The first one, and the simplest, is the qmine command. This simply prints a list of jobs running under your username. It is similar to the squeue command, but by default only shows you your own jobs, which is what you normally want. You can also see jobs by a different user specifying a username as the first argument. The output consists of ten columns:
- Job id and job name;
- Account, group, and QOS;
- Time, CPUs, and memory requested (note: these are the limits you asked for during submission, they are not the resources that your job is currently using);
- State, written out in full (e.g., RUNNING, COMPLETING);
- Comment (this is a string that can be set with the -p option in submit).
The module offers two utilities to quickly cancel multiple jobs. The first one is qdelmine, that simply cancels all jobs belonging to you. Use with caution!

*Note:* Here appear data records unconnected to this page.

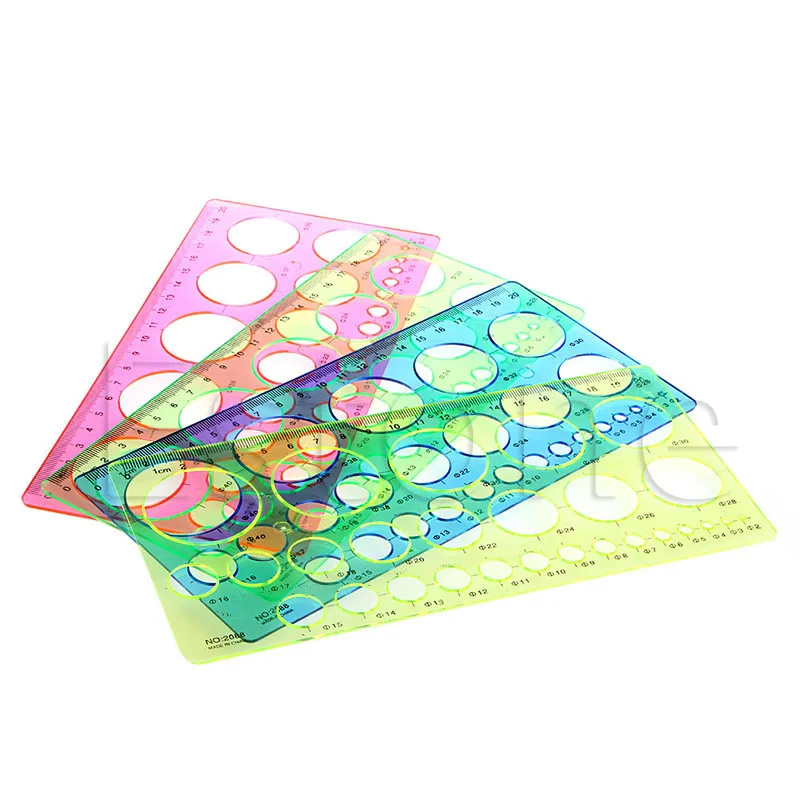 Quilling Ruler Template Tool Kit Circle Size Origami Paper Quilled Creat Tool Drop Shipping Support photo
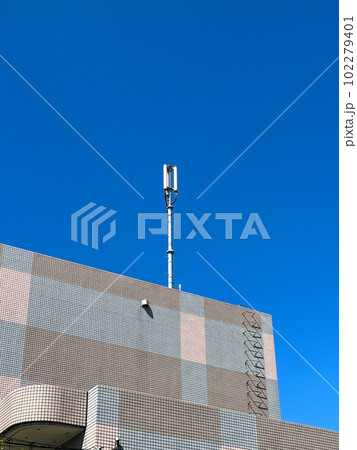 携帯電話基地局のアンテナ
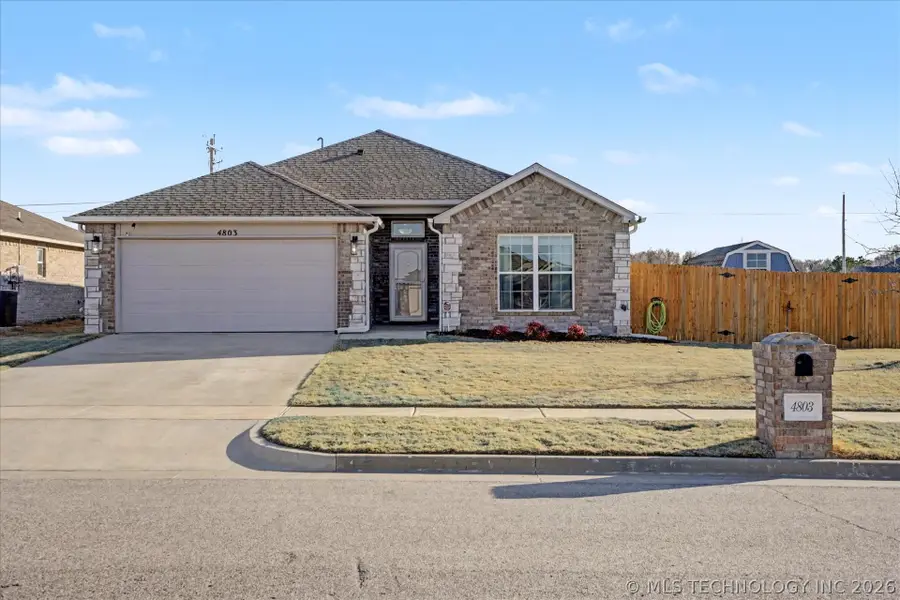 4803 E Galveston Place, Broken Arrow, OK 74014 - #2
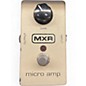 Used MXR M133 Micro Amp Pre Effect Pedal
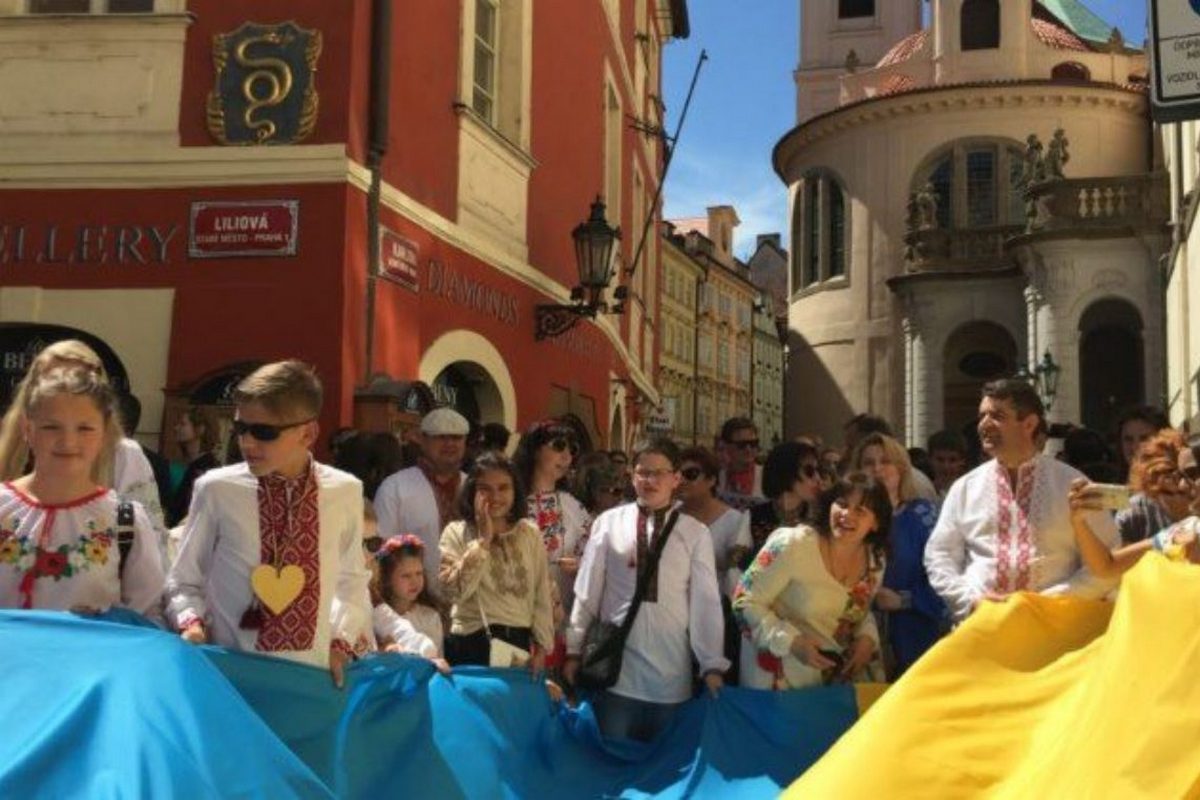 українці у Чехії
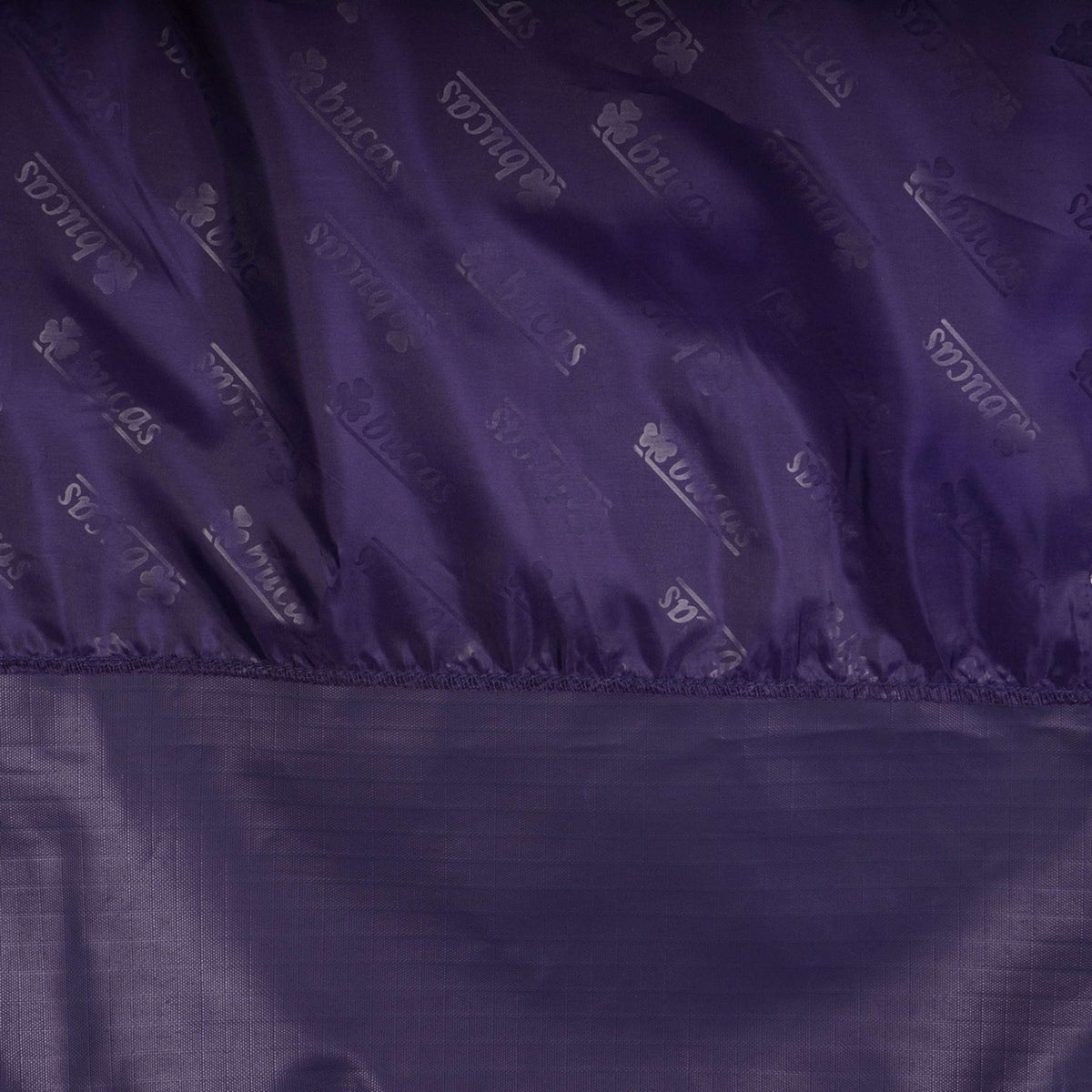 Bucas Turnout Freedom High Neck 150g Navy/Plata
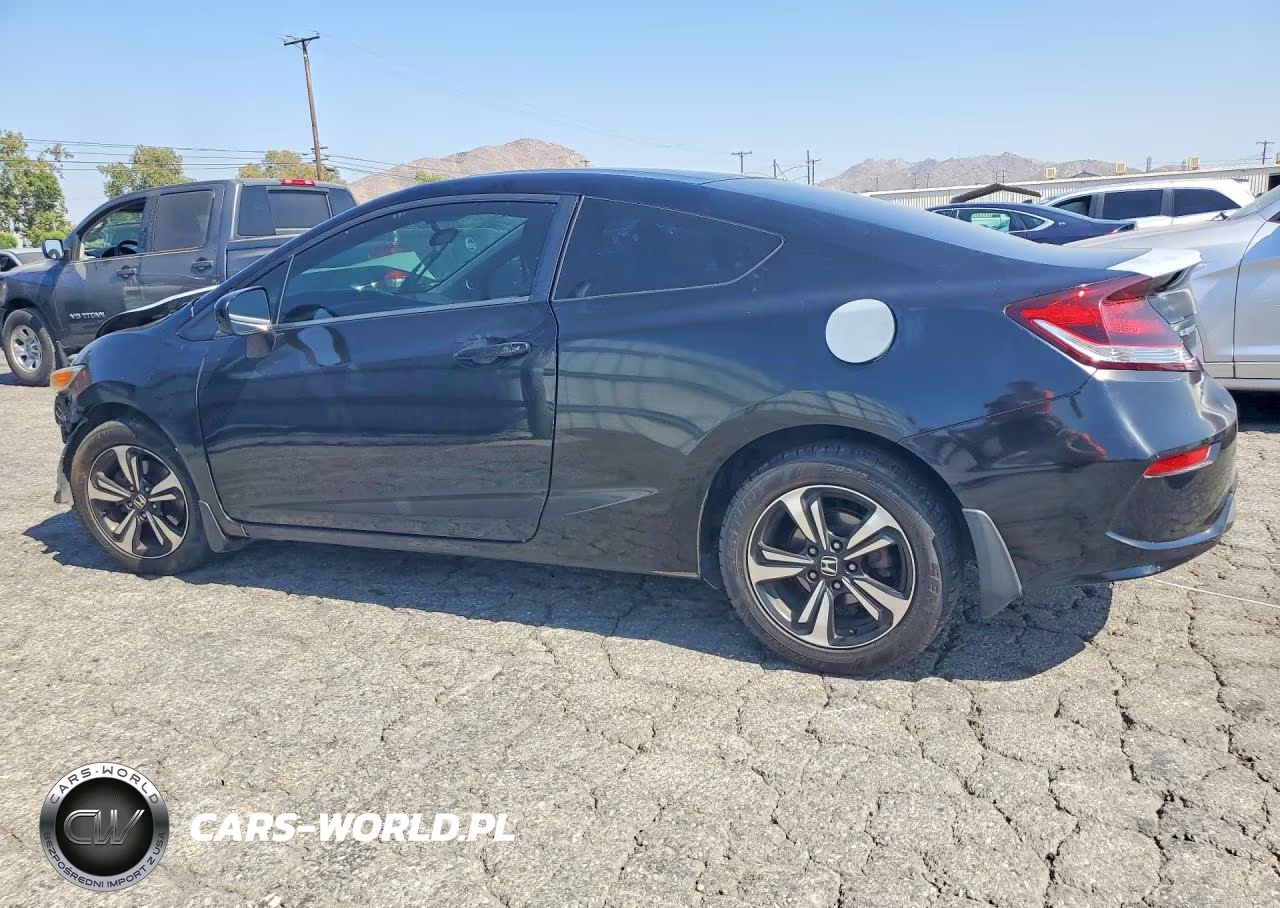 2015 Honda Civic Ex VIN:2HGFG3B88FH513870 - 2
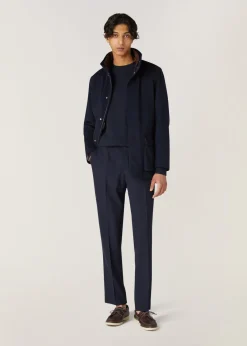 New Winter Voyager Over Coat Man Outerwear Jackets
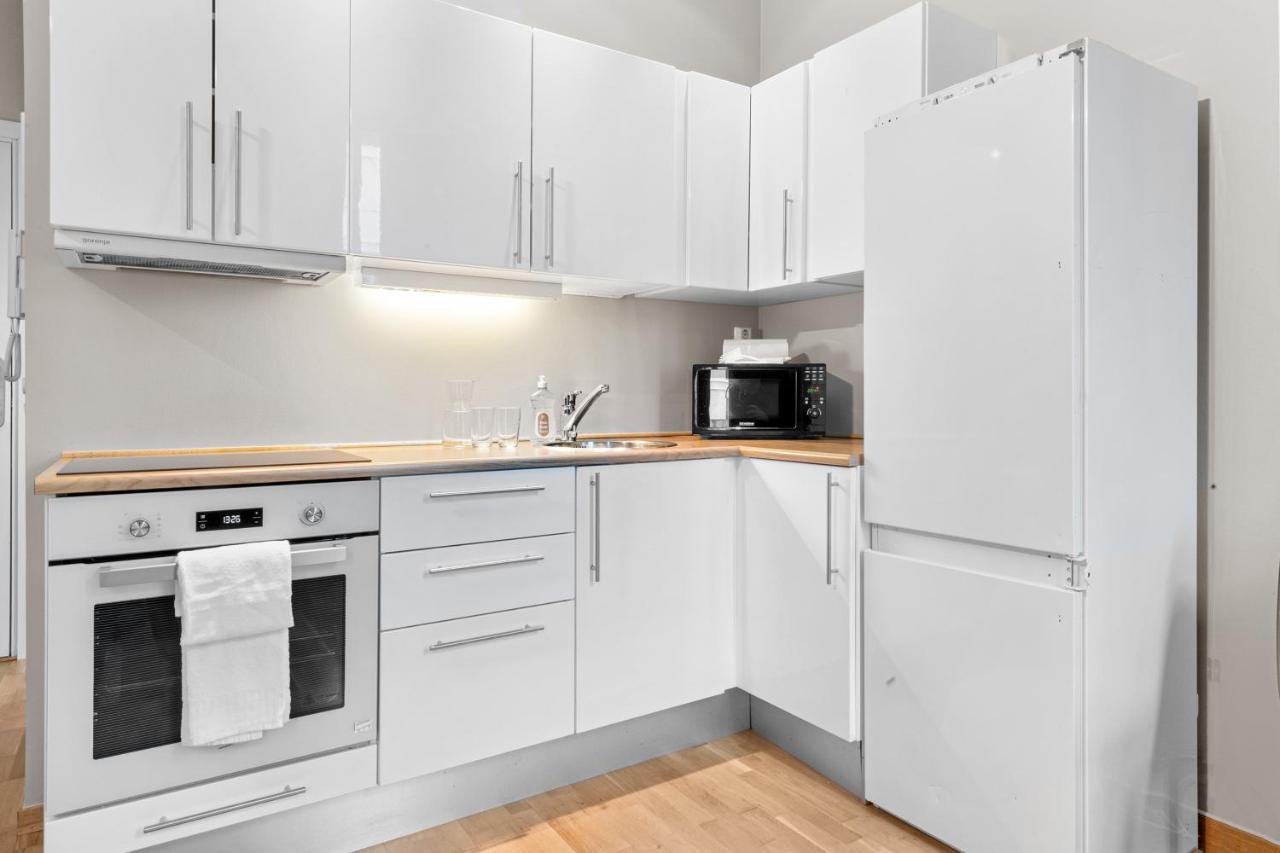Forenom Serviced Apartments Oslo Nobel Екстер'єр фото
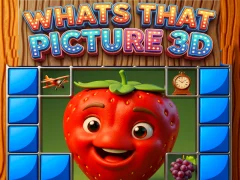 Žaidimas Whats That Picture 3D internete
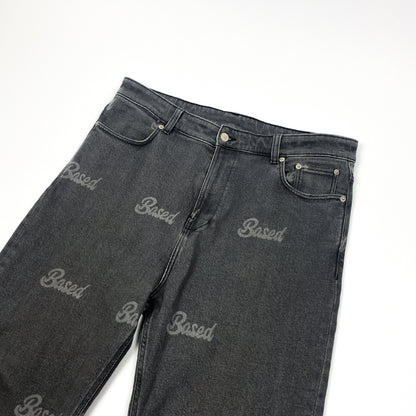 99BASED Laser Denim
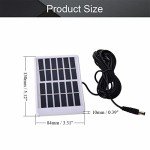 5Pcs 6V 1.2W Mini Solar Panels for DIY Projects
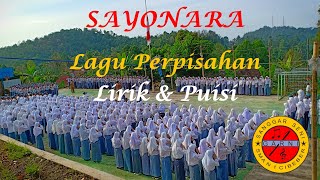 Download lagu 'SAYONARA & PUISI' Lagu Perpisahan Sedih , Terharu, Tak terlupakan mp3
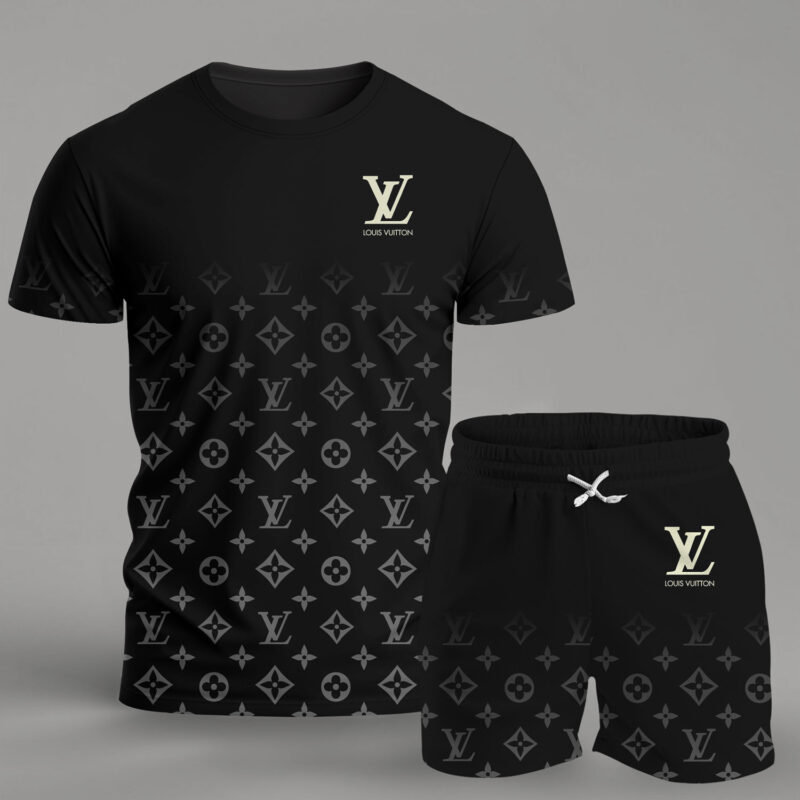 2025 – Set L  Tracksuit T-shirt & Shorts – CHIC5230102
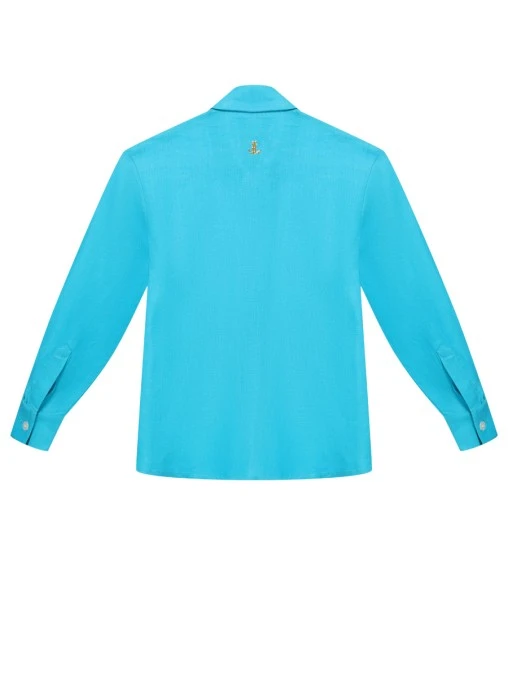 Рубашка льняная LÉAH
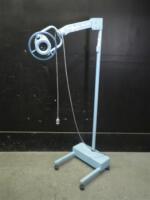 OLYMPIC MINI BILI-LITE ON ROLLING STAND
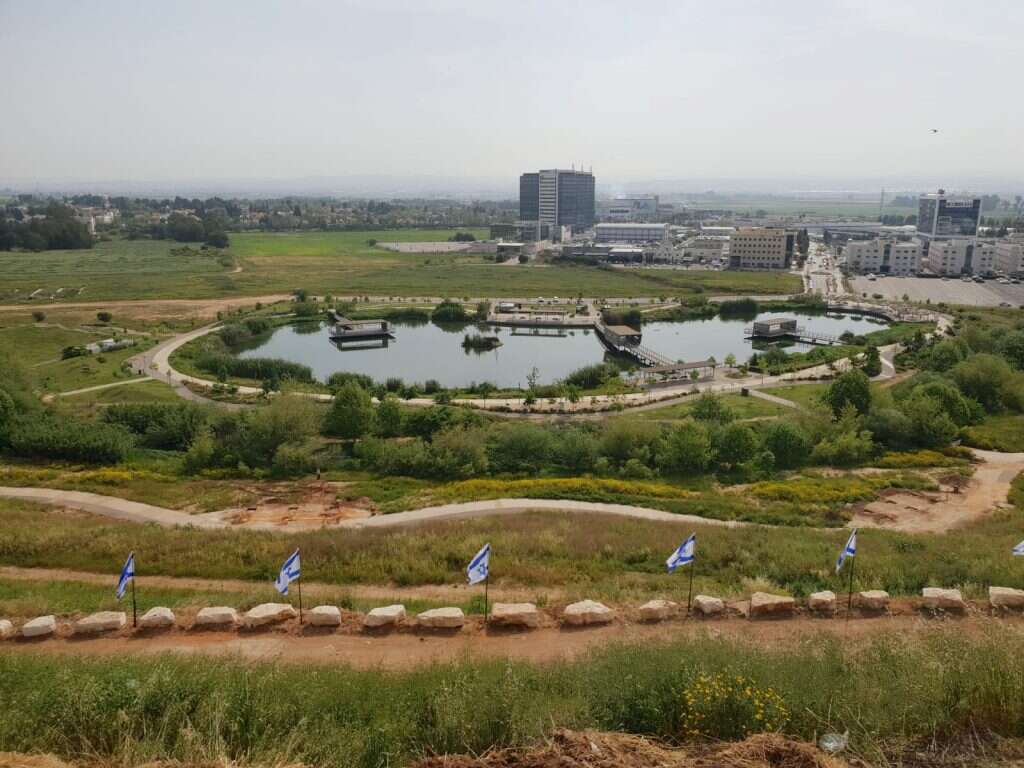 הפארק האקולוגי הוד השרון. באדיבות נחל הירקון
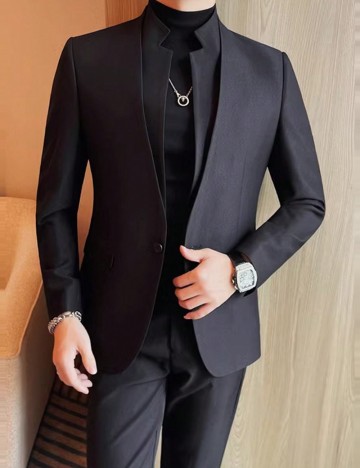 Sacou Shein, negru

The second command is qdelname, which selects jobs to be canceled based on their name. For example, to cancel all your running bowtie jobs, you can do:
$ qdelname bowtie
This command will first print a list of jobs containing the word you specified (a simple case-insensitive grep is used, so you can provide a partial name), and then it will ask you for confirmation that you really want to cancel those jobs. If you reply “y”, the jobs will be canceled. This command can also be invoked as jobdel.
The jobupd command allows you to change some parameters of running jobs. A typical example of a case in which you may want to do this is to change a job’s qos while it is still queued. As in the case of qdelname, you need to specify a (partial) name for the jobs to be modified, and the program will print all matching jobs before proceeding. For example, if you have a set of bowtie jobs in qos “test”, and you want to switch them to “test-b”, you can do:
$ jobupd bowtie qos=test-b
You can also supply multiple directives to change many parameters at once. This command uses scontrol internally, so every directive you can pass to scontrol is accepted here.
But wait, there’s more!
Jobupd and jobdel internally use the same command to generate the list of jobs matching the name you specify. The name of this command is jobids, and you can also invoke it directly:
$ jobids bowtie 1234567 1234568 1234569 ...
This allows you to write your own commands that operate on a set of jobs. You will probably not need this very often, since everything is pretty much already covered by jobupd, but at least the option is there!